Tebliğname No : KYB – 2014/410540

Dolandırıcılık suçundan şüpheliler M.. O.. ve A.. O.. haklarında yapılan soruşturma evresi sonucunda Karşıyaka Cumhuriyet Başsavcılığınca verilen 13/02/2013 tarihli ve 2012/192975 soruşturma, 2013/1664 sayılı kovuşturmaya yer olmadığına dair karara karşı yapılan itirazın reddine ilişkin İzmir 4. Ağır Ceza Mahkemesinin 05/06/2013 tarihli ve 2013/519 değişik iş sayılı karar aleyhine Yüksek Adalet Bakanlığınca verilen 05.12.2014 gün ve 2014-22099/73346 sayılı kanun yararına bozma talebine dayanılarak dava dosyası Yargıtay Cumhuriyet Başsavcılığının 14.09.2015 gün ve 2014/410540 sayılı tebliğnamesiyle dairemize gönderilmekle okundu.
Kanun yararına bozma isteyen tebliğnamede;
Dosya kapsamına göre, müştekinin dolandırıcılık iddiası üzerine yürütülen soruşturma sonucu şüpheliler hakkında, uyuşmazlığın hukuki nitelik arz ettiğinden bahisle kovuşturmaya yer olmadığına dair karar verilmiş ise de, 5271 sayılı Ceza Muhakemesi Kanunu’nun 160. maddesinde yer alan “Cumhuriyet savcısı, ihbar veya başka bir suretle bir suçun işlendiği izlenimini veren bir hâli öğrenir öğrenmez kamu davasını açmaya yer olup olmadığına karar vermek üzere hemen işin gerçeğini araştırmaya başlar.
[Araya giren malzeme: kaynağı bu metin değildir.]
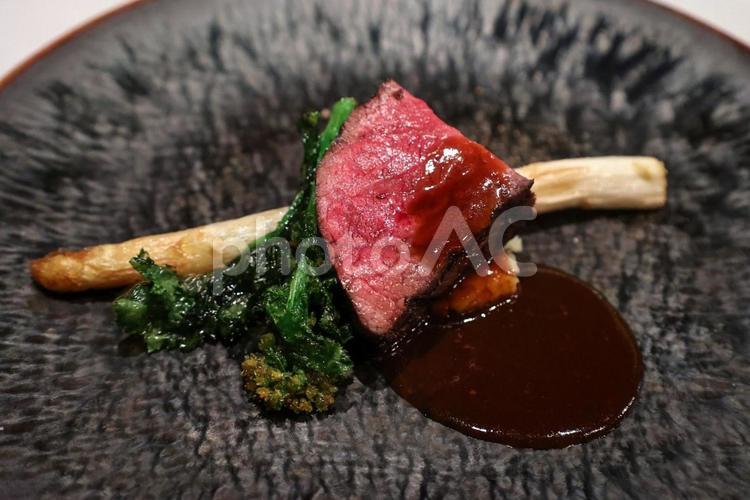 近江牛のステーキとホワイトアスパラガス 近江牛,ステーキ,肉の写真素材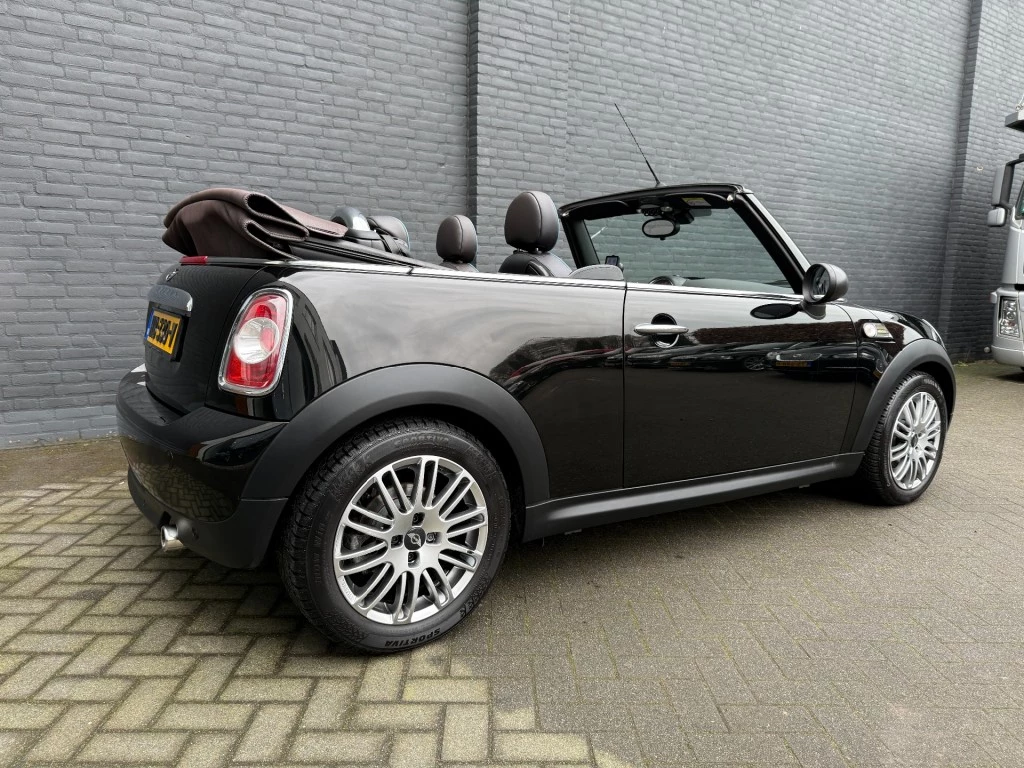 Hoofdafbeelding MINI Cabrio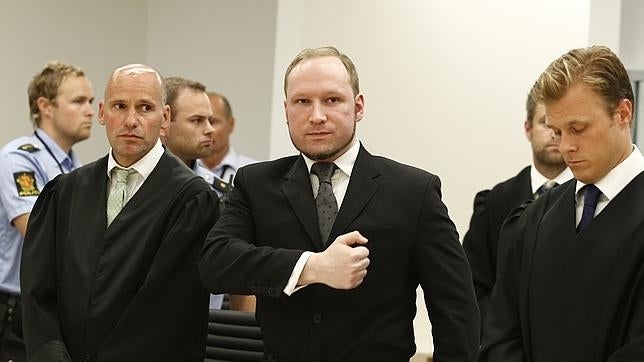 Breivik está dispuesto a morir de hambre si no es mejor tratado en prisión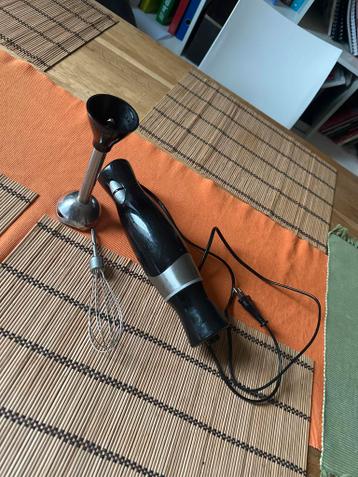 Handmixer met garde en staafmixer opzetstuk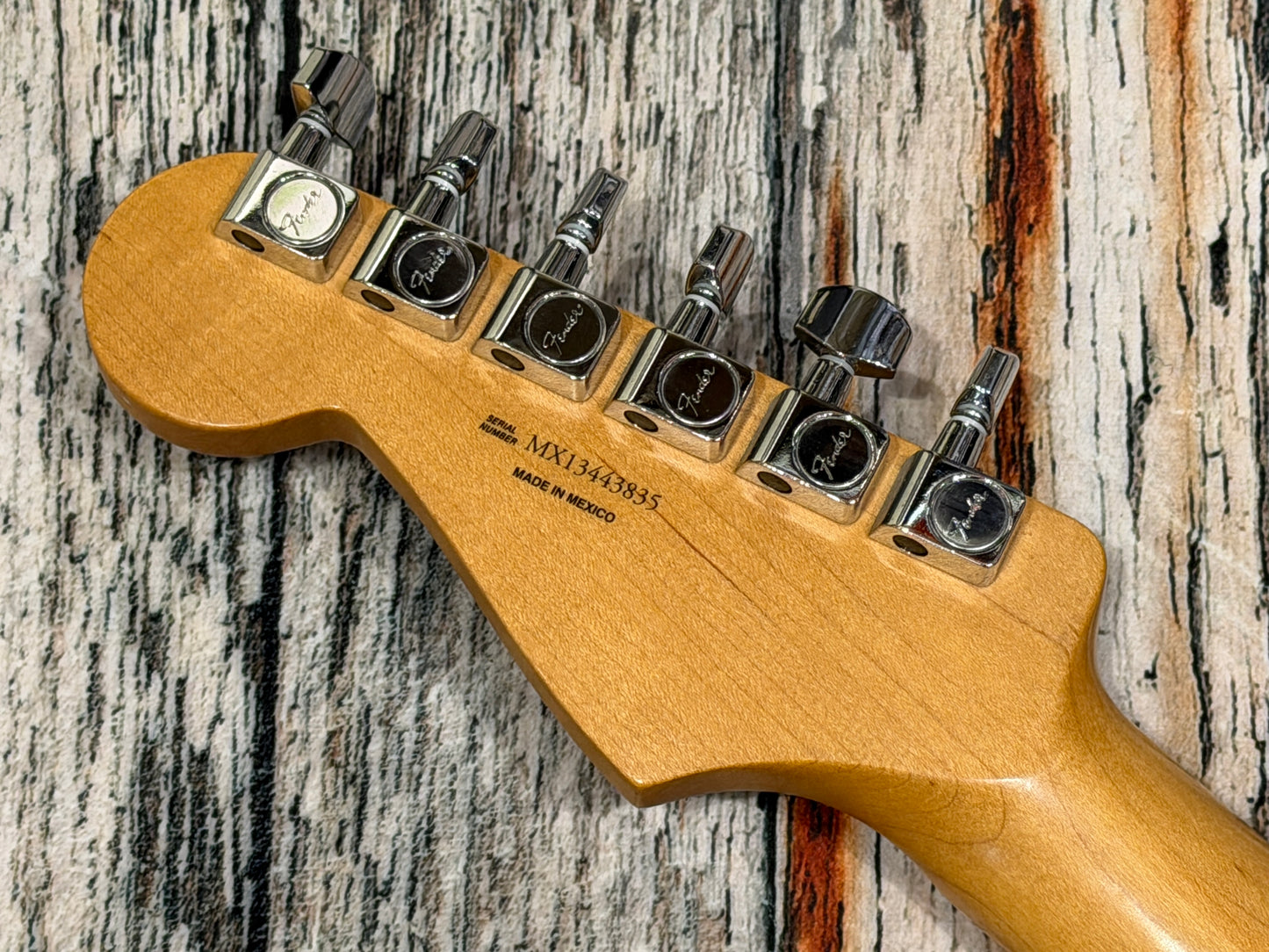 Fender Mexican Standard Stratocaster 2013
Cumhuriyet savcısı, maddî gerçeğin araştırılması ve adil bir yargılamanın yapılabilmesi için, emrindeki adlî kolluk görevlileri marifetiyle, şüphelinin lehine ve aleyhine olan delilleri toplayarak muhafaza altına almakla ve şüphelinin haklarını korumakla yükümlüdür.” şeklindeki düzenleme karşısında, Cumhuriyet savcısının soruşturma yapmak zorunda olduğu, Cumhuriyet savcısı tarafından şüphelilerden M.. O..’un savunmasının alınması, müştekinin olaylara tanık olduğunu belirttiği …. ve ……’ün dinlenilmesi, söz konusu banka kayıtlarının getirilmesi ve sonucuna göre karar verilmesi gerektiği gözetilmeden itirazın kabulü yerine, yazılı şekilde reddine karar verilmesinde isabet görülmediğinden 5271 sayılı CMK’nun 309. maddesi uyarınca anılan kararın bozulması lüzumu kanun yararına bozma talebine dayanılarak ihbar olunmuştur.
GEREĞİ DÜŞÜNÜLDÜ:
Kanun yararına bozmaya atfen düzenlenen ihbarnamedeki düşünce yerinde görüldüğünden, İzmir 4. Ağır Ceza Mahkemesi’nin 05.06.2013 tarih ve 2013/519 değişik iş sayılı kararının 5271 sayılı CMK’nın 309. maddesi gereğince BOZULMASINA, bozma nedenine göre müteakip işlemlerin mahallinde mahkemesince yerine getirilmesine, 14.09.2015 tarihinde oybirliğiyle karar verildi.